Submitted to: Journal of Hydraulic Engineering
Publication Type: Peer Reviewed Journal
Publication Acceptance Date: 3/25/2009
Publication Date: 7/1/2009
Citation: Kean, J.W., Kuhnle, R.A., Smith, J.D., Alonso, C.V., Langendoen, E.J. 2009. Calculation of Near-Bank Velocity and Boundary Shear Stress. Journal of Hydraulic Engineering. Vol. 135 Issue 6 pp. 588-601. Interpretive Summary: Accurate determinations of the rate of sediment eroded from channel boundaries in streams and rivers are necessary because erosion of the channel boundary can destroy valuable crop or other lands, and can threaten transportation and other components of the infrastructure that are adjacent to stream and river channels. Water quality may also be adversely affected by sources of sediment originating from eroding channel banks. Accurate knowledge about the forces of moving water on channel boundaries is required to predict instability of channel boundaries. Once regions of instability are identified, stabilization measures can be targeted and applied. In this study a test of a fully predictive method for determining the force of the flowing water on an irregular channel boundary was made. Detailed measurements of the force of the moving water were made in a model channel in the laboratory at the National Sedimentation Laboratory. The calculated forces compared favorably with the measured forces on the boundary of the laboratory channel. This study has provided an independent test of this technique and has indicated its suitability for use in the prediction of sites of potential channel boundary erosion in natural streams. This type of information is necessary for watershed managers and land owners to effectively manage lands adjacent to streams and rivers in agricultural and other watersheds.

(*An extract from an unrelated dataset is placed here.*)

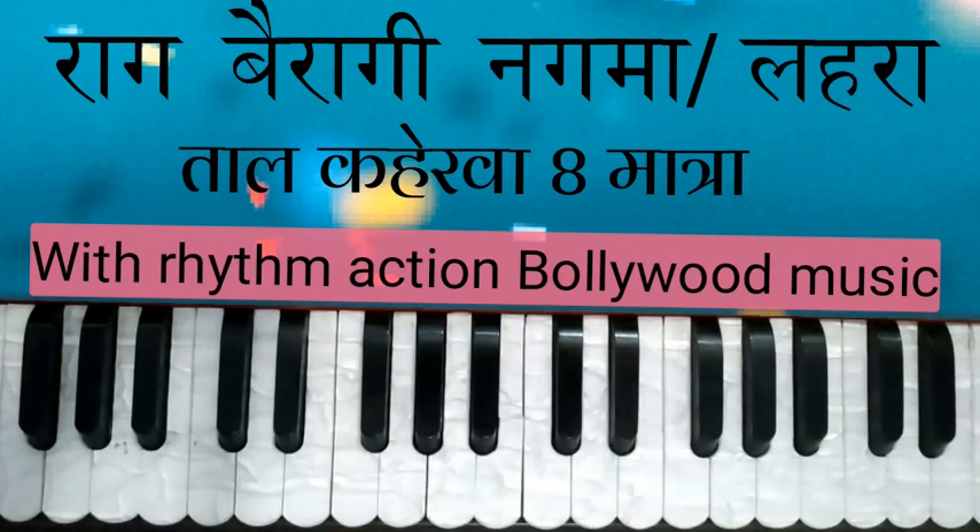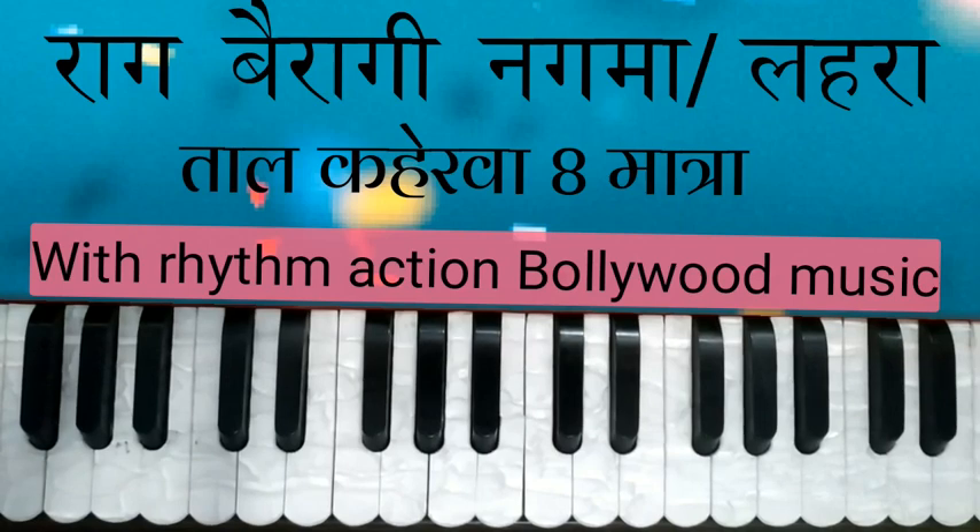Hello, Namaskar. एक्षन वॉलीवूट में आपका बहुत-बहुत स्वागत है। इस वीडियो में राग बैरागी में एक नगमा आपको बता रहा हूं। यह बहुत ही खूबसूरत नगमा है और यह ताल कहरवा में है। आज मैं यह नगमा आपको रीदम के साथ बता रहा हूं। आप अच्छे से सुनें और कोशिश करके प्रैक्टिस करें।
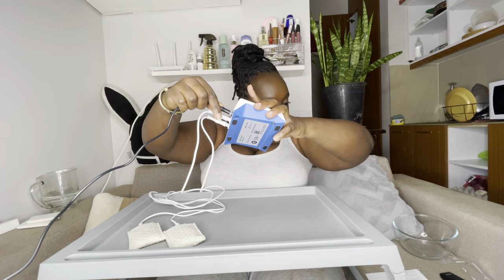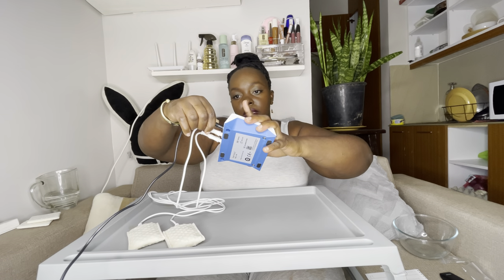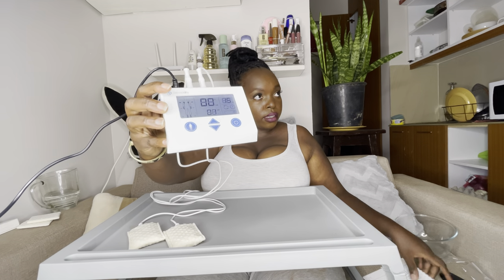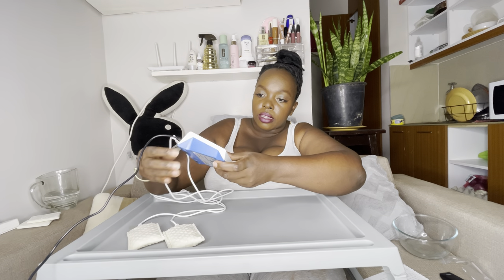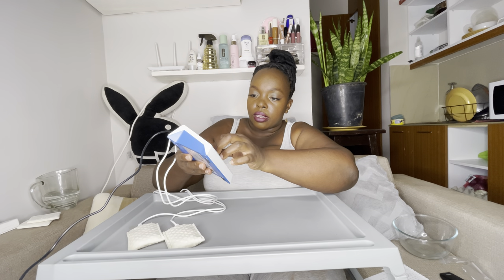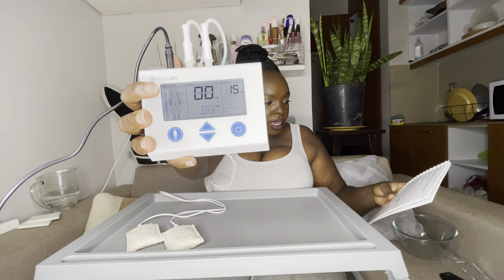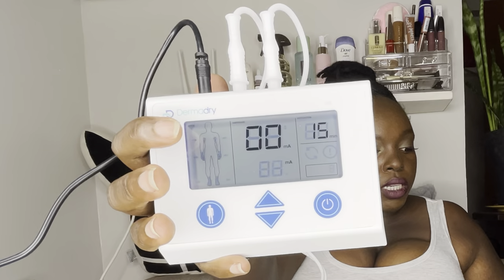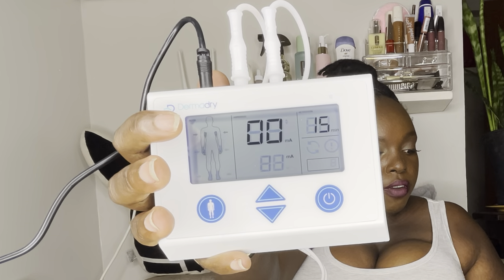Place the controller on the adapter. The controller's display will light up and start its automatic internal testing — all the display symbols and the green LED will flash. The internal testing takes one to two seconds to complete. The device will then switch to settings mode. The default treatment profile is set for treatment of the underarms.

Technical Abstract: Detailed knowledge of the flow and boundary shear stress fields near the banks of natural channels is essential for making accurate calculations of rates of near-bank sediment transport and geomorphic adjustment. This paper presents a test of a relatively simple, fully predictive, numerical method for determining the distribution of streamwise velocity and boundary shear stress over the entire cross-section of a straight channel. The method is based on the approach of Kean and Smith , which is extended here to include the effects of drag on clasts located in the channel. The calculated patterns of velocity and boundary shear stress are shown to be in reasonable agreement with high-resolution measurements made in a laboratory flume with a complex cross-section that includes a simulated, cobble-roughened floodplain. The principal differences between the measured and calculated fields are the result of secondary circulations, which are not included in the calculation. Better agreement with the structure of the measured streamwise velocity field is obtained by distorting the calculated flow field with the measured secondary flow. Calculations for a variety of narrower and wider configurations of the original flume geometry are used to show how the width-to-depth ratio affects the distribution of boundary shear stress across the wetted perimeter.